The editor has, at times, although rarely, ventured to combat as erroneous some of the doctrines or opinions of the Essays; he deemed this a duty in a book destined for youth, into whose minds no wrong notions should be wittingly inculcated. Of this kind are the notes of pages 46, 55, 65, 69, 78.

The notes contained in this volume being his own, the editor is bound to accept the responsability of the whole. When he did not deem himself sufficiently learned he had recourse to the learning of others, both books and men. With the assistance of these united , he hopes he has rendered Bacon's Essays intelligible to all cultivated minds, more instructive to youth and more interesting to the general reader.

Indocti discant et ament meminisse periti. The editor has derived much assistance from the learned notes to the Sermones Fideles , found in the Latin edition of Bacon's Philosophical Works, edited by Monsieur Bouillet, the author of the Dictionnaire universel d'histoire et de géographie. Of these notes, on which great and conscientious care has been bestowed, the editor has availed himself frequently ; but as the present edition is not designed for the same class of readers he has necessarily increased tenfold the number and extent of his annotations.

Notice of Bacon. The notice of the author of the Essays is somewhat extensive in proportion to the work itself. But the editor did not deem it allowable to present too limited a narrative of the life and works of one of the greatest ornaments

of his country and of mankind, the father of experimental philosophy and science. Nor could the most succinct account be justifiable in passing over in silence the various kinds of merit of the philosopher and moralist or the errors of the man. The name of Bacon is destined to all eternity

To point a moral or adorn a tale. The editor has aimed at perfect impartiality; but he has not been unmindful of the reverential affection due to departed genius, to intellectual greatness. He has, as frequently as possible, allowed Bacon to speak for himself and in his own language, by quotations from his published letters. This is, in reality, “holding the mirror up to nature” and, as it were, reflecting the lineaments as they arise.
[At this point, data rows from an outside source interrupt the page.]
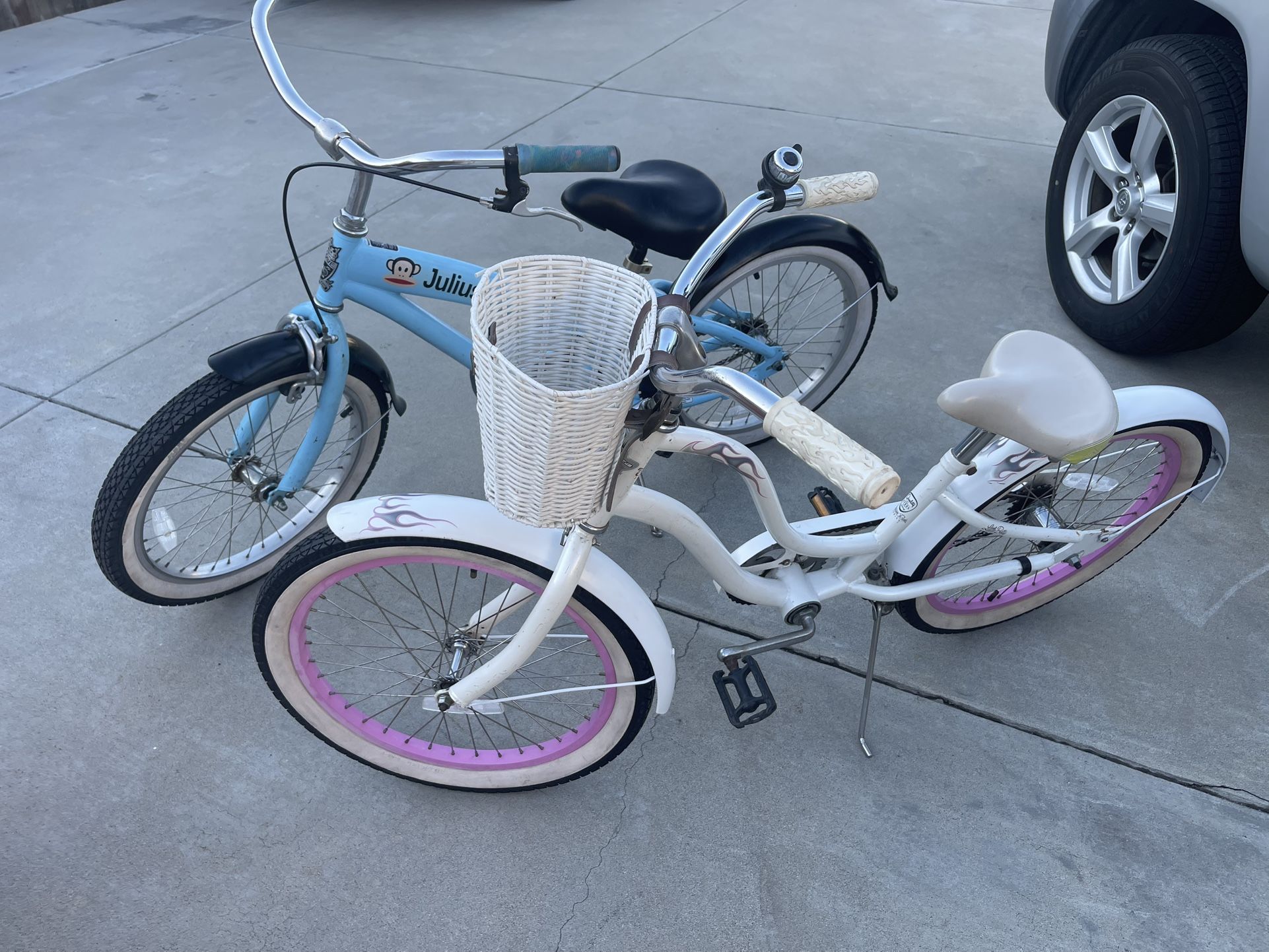 2 KIDS 20” BEACH CRUISER BIKES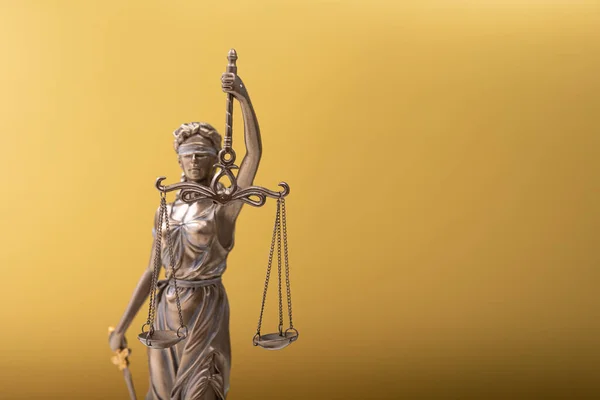 Une Sculpture Justice Sur Fond Jaune — Photo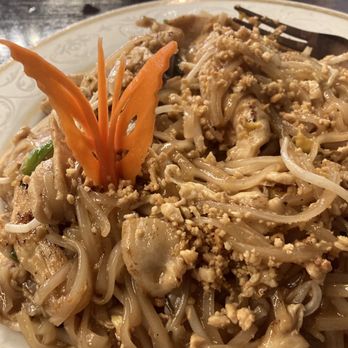Thai Nine Restaurant - Chicken Pad Thai - Thai Near Me - Carmel, Indiana
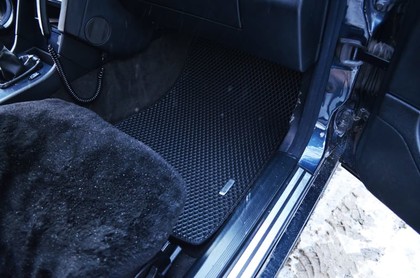 Ворсовые коврики на Mercedes C (W202) 1993 - 2000 в Хабаровске Ворсовые коврики на Mercedes C (W202) 1993 - 2000 в Хабаровске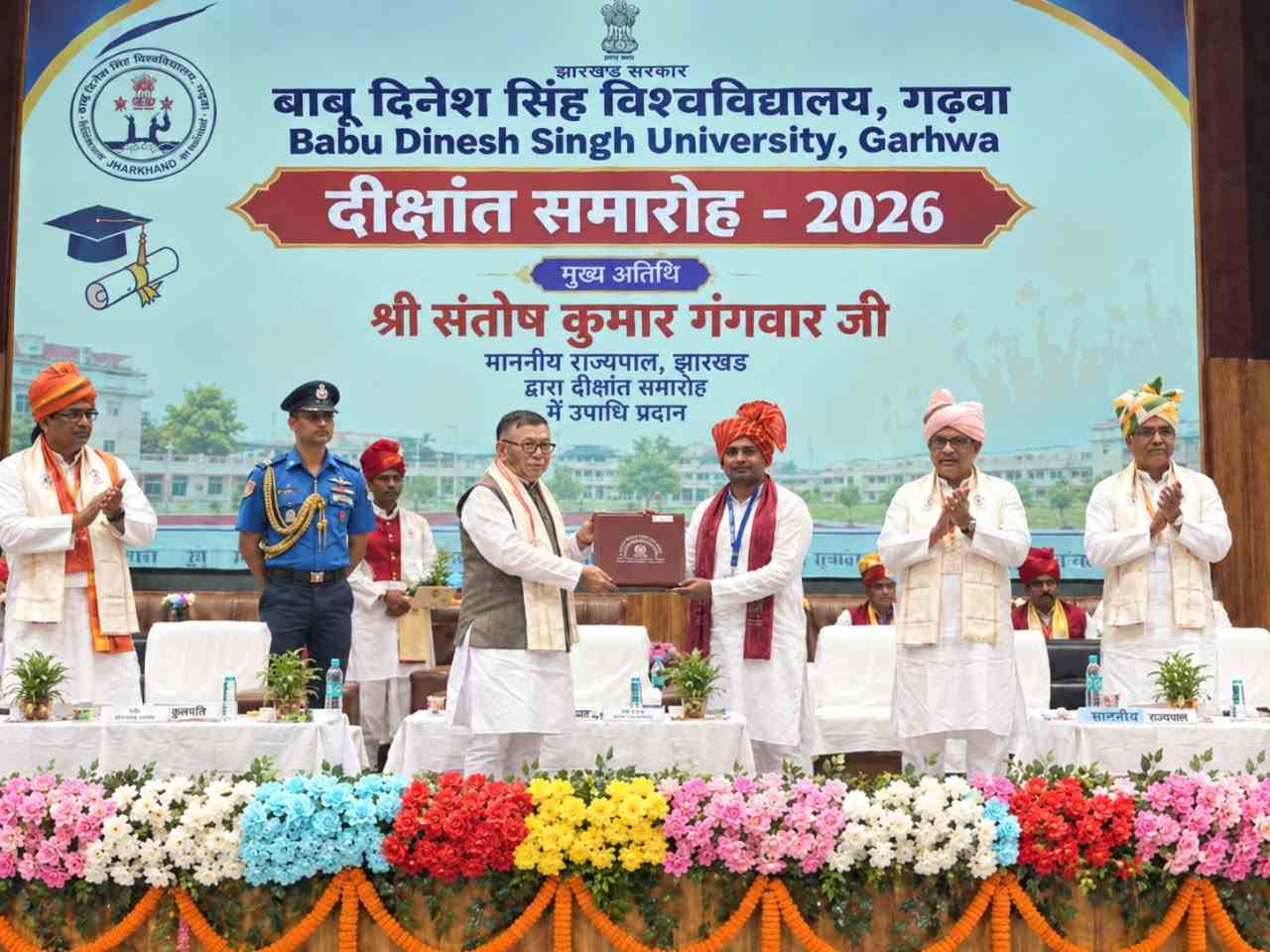 मिहिजाम के युवा दंत चिकित्सक डॉ. शशि शेखर सुमन को राज्यपाल ने प्रदान की MDS की उपाधि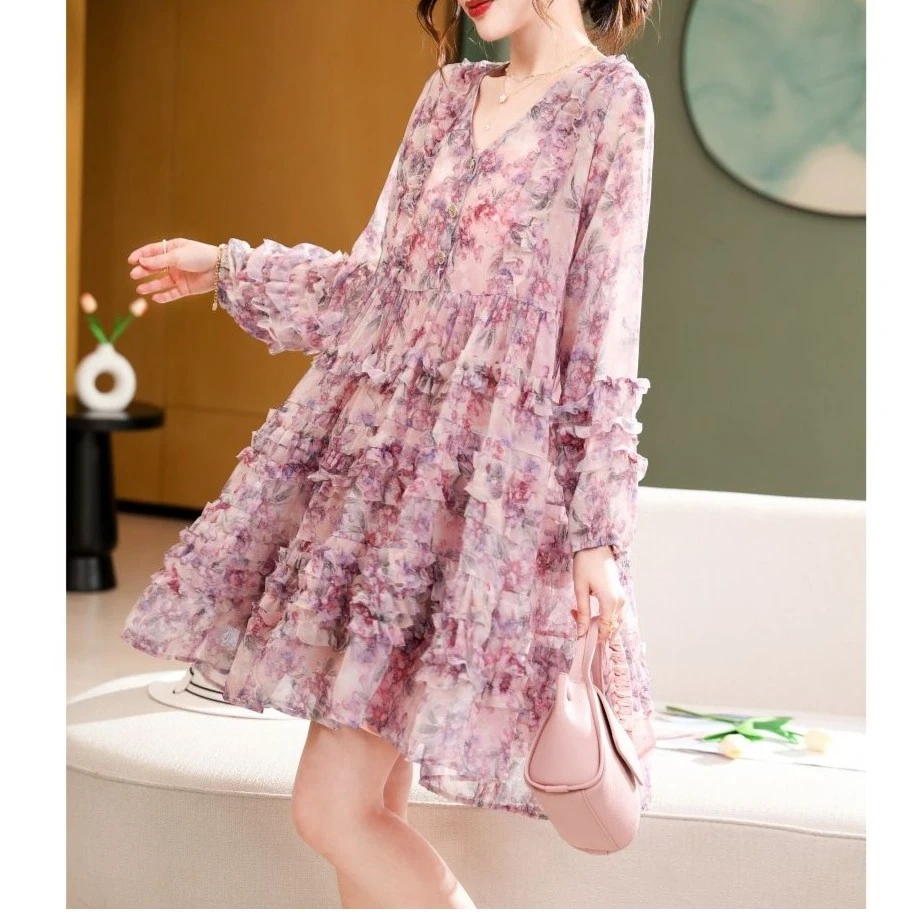 8761春秋新品温柔风高档品牌连衣裙时尚法式设计感仙女碎花连衣裙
For the character of Bacon's principal works the editor has presented the opinions of the most competent persons, each in his special department, whose name and works he has quoted. These are some of the most illustrious names in modern literature and science, Dugald Stewart, Sir John Herschel, Sir James Mackintosh, Mr. Hallam.
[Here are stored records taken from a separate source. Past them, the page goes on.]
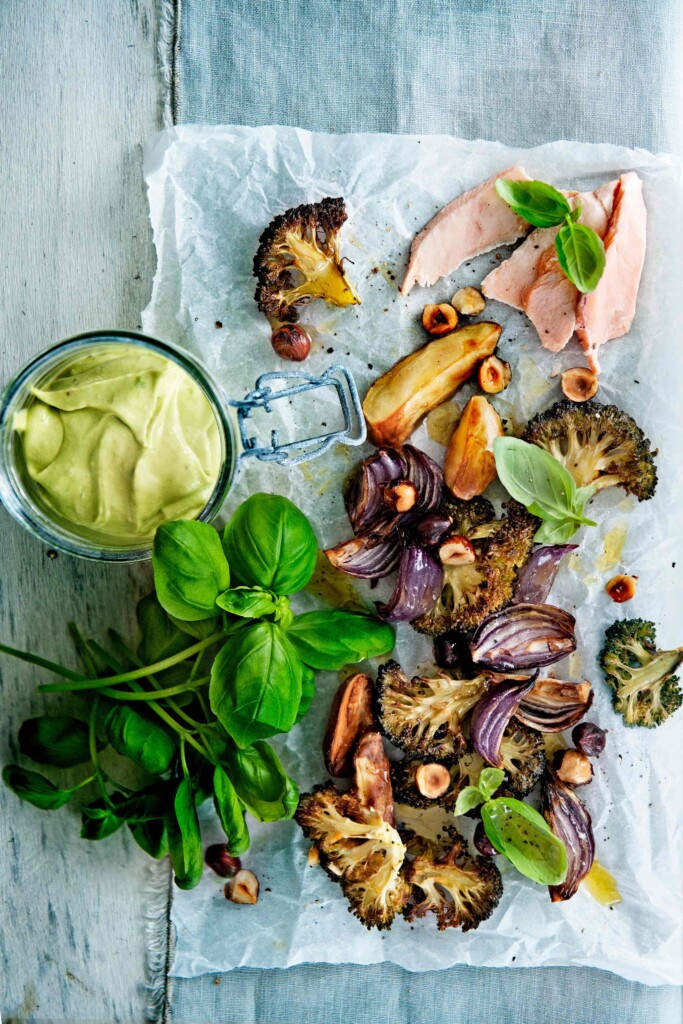 botermalse zalm met avocado-caesarsaus & geroosterde broccoli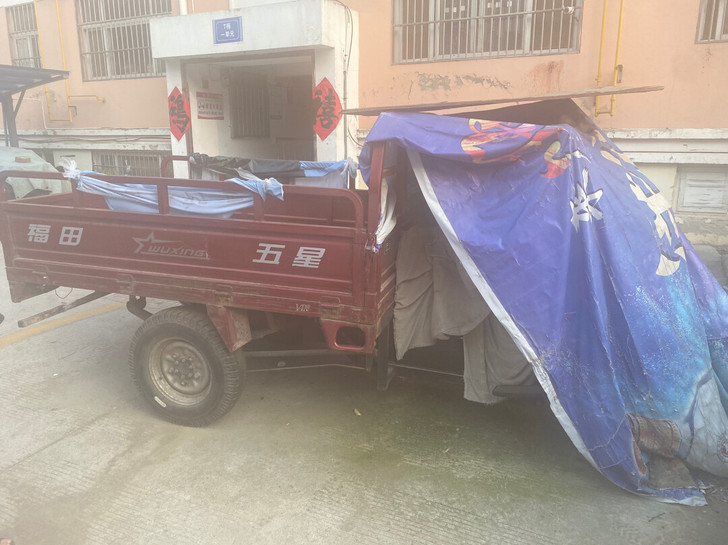 福田125三轮摩托车，车况良好，没出过事故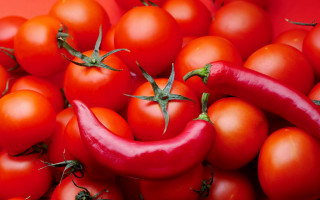 Tomatoes red pepper table top - a table top free wallpaper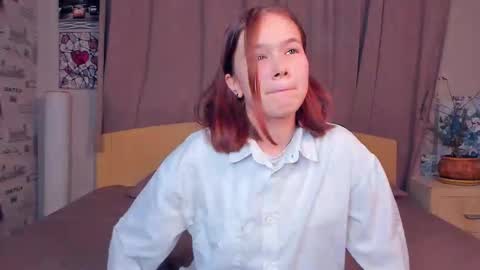 Snapshot of lynncozzy chatting on November 24, 2025, 8:36 am Cozy Lynns room online show from November 24, 2025, 8:36 am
In the life of Bacon the editor has frequently quoted the names of Lord Campbell and Mr. Macaulay; but he has been unable , from a fear of tiresome repetition, to do so every timo he has conveyed their ideas, or expressed their sentiments. He hopes this general acknowledgment will be deemed a sufficient apology for the omission. He is likewise indebted to Mr. Basil Montagu's life and sometimes to Mallet's; but still more to Bacon's letters. He is also under considerable obligation to Monsieur Cousin, who is an ardent admirer of our author, and who kindly placed at the editor's disposal several curious editions of Bacon in his valuable library at the Sorbonne.

By this means the editions of the Essays of 1598, of 1613 and of 1625 have been examined; and the editor, when he penned the few lines the Notice on the pamphlet against the Earl of Essex and those on the Apology, had these two curious books in his hands. The titles of these two volumes, as given at page 9, were transcribed verbatim from the original editions themselves and the ancient orthography has been faithfully preserved.
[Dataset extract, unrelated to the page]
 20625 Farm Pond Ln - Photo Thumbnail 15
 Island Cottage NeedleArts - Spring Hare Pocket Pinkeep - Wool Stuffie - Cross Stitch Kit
To the personal kindness of the eminent philosopher the editor is likewise indebted for some curious facts but little known, such as Bacon's visit to Italy and his fruitless application for admission as a member of the Roman Academy of the Lincei.

The editor fondly cherishes the hope that this small volume may contribute to familiarize the youth of both Great Britain and France with the author's favourite work, the Essays , and with the name , life and writings of that immortal genius, Francis Bacon.